- **The input**:
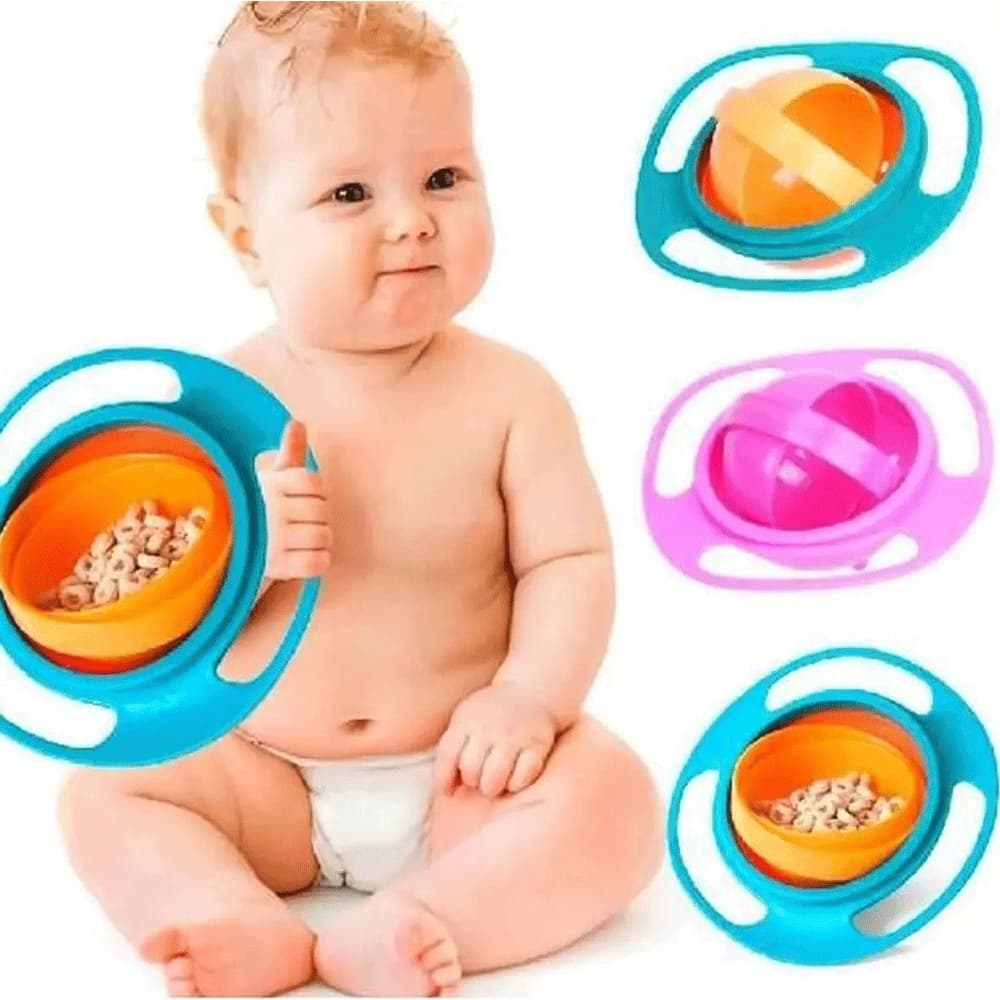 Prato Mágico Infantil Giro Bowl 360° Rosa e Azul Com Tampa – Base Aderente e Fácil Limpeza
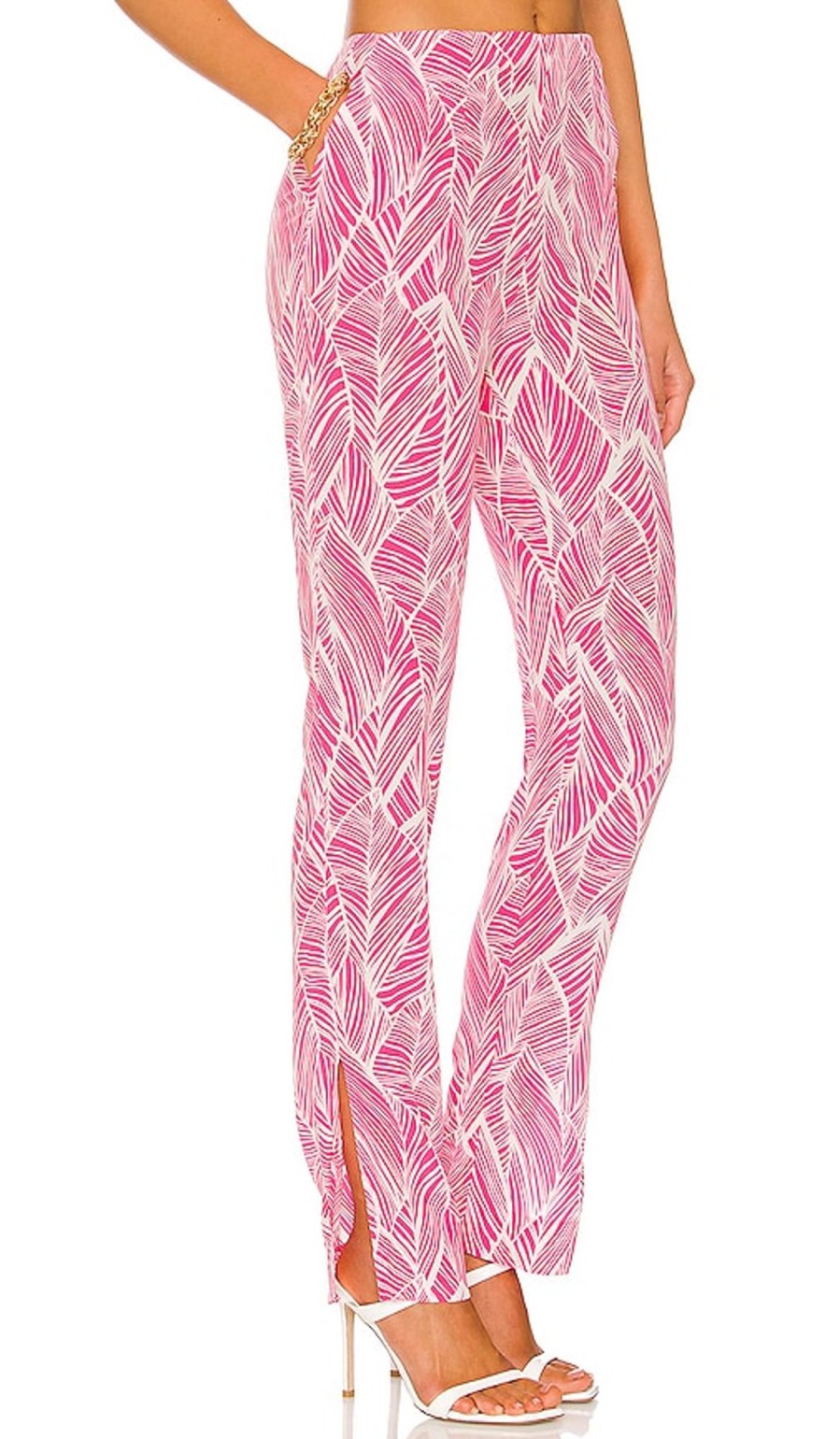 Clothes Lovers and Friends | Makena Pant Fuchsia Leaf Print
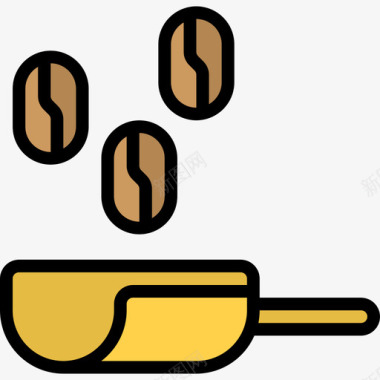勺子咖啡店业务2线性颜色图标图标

---

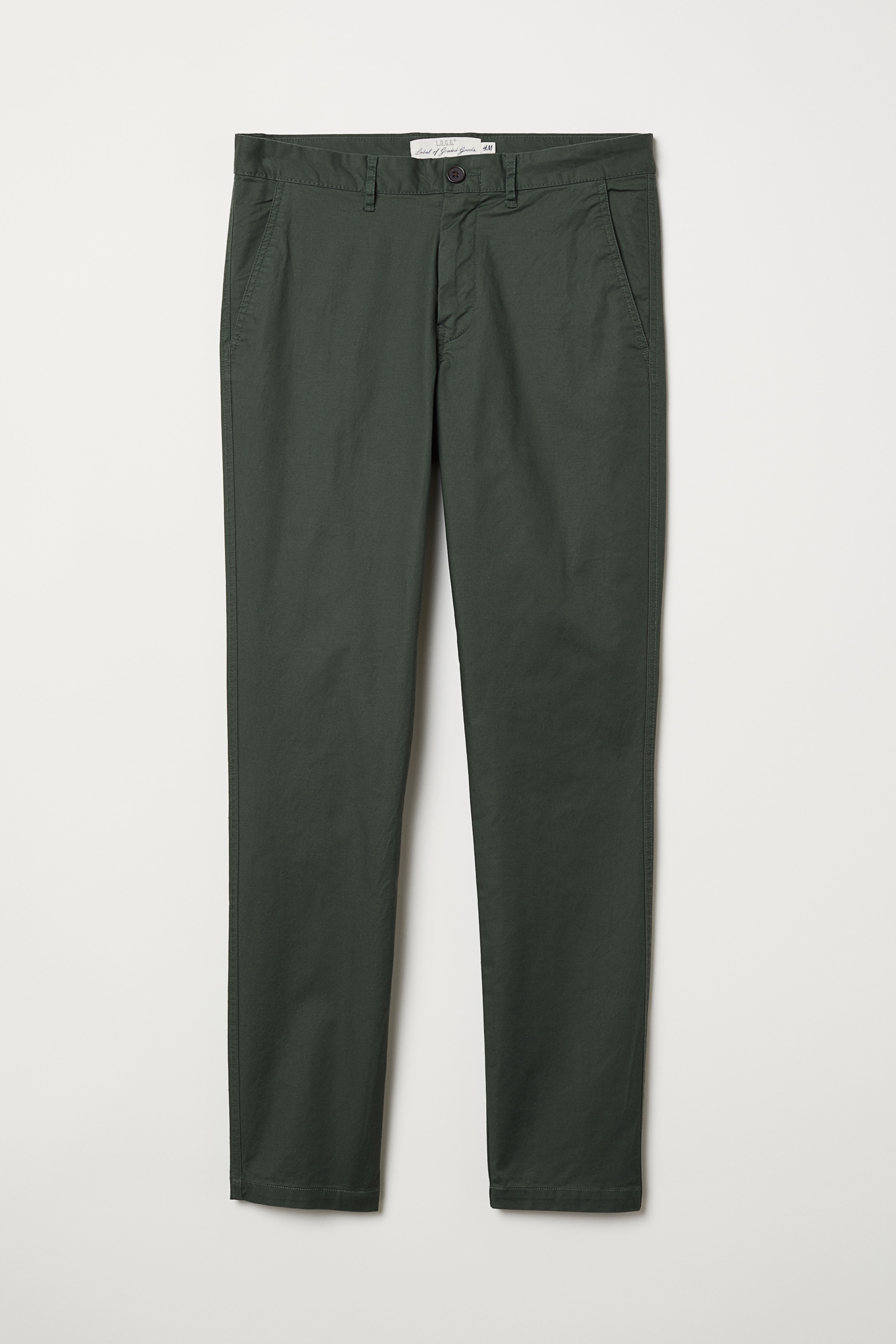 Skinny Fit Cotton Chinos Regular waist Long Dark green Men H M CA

- **Task directions**:
What you return must match, character for character, the lines above from the one with "Prato Mágico Infantil" through the one with "勺子咖啡店业务2线性颜色图标图标", minus any pictures.

- **Solved exercise**:
 Prato Mágico Infantil Giro Bowl 360° Rosa e Azul Com Tampa – Base Aderente e Fácil Limpeza
 Clothes Lovers and Friends | Makena Pant Fuchsia Leaf Print
勺子咖啡店业务2线性颜色图标图标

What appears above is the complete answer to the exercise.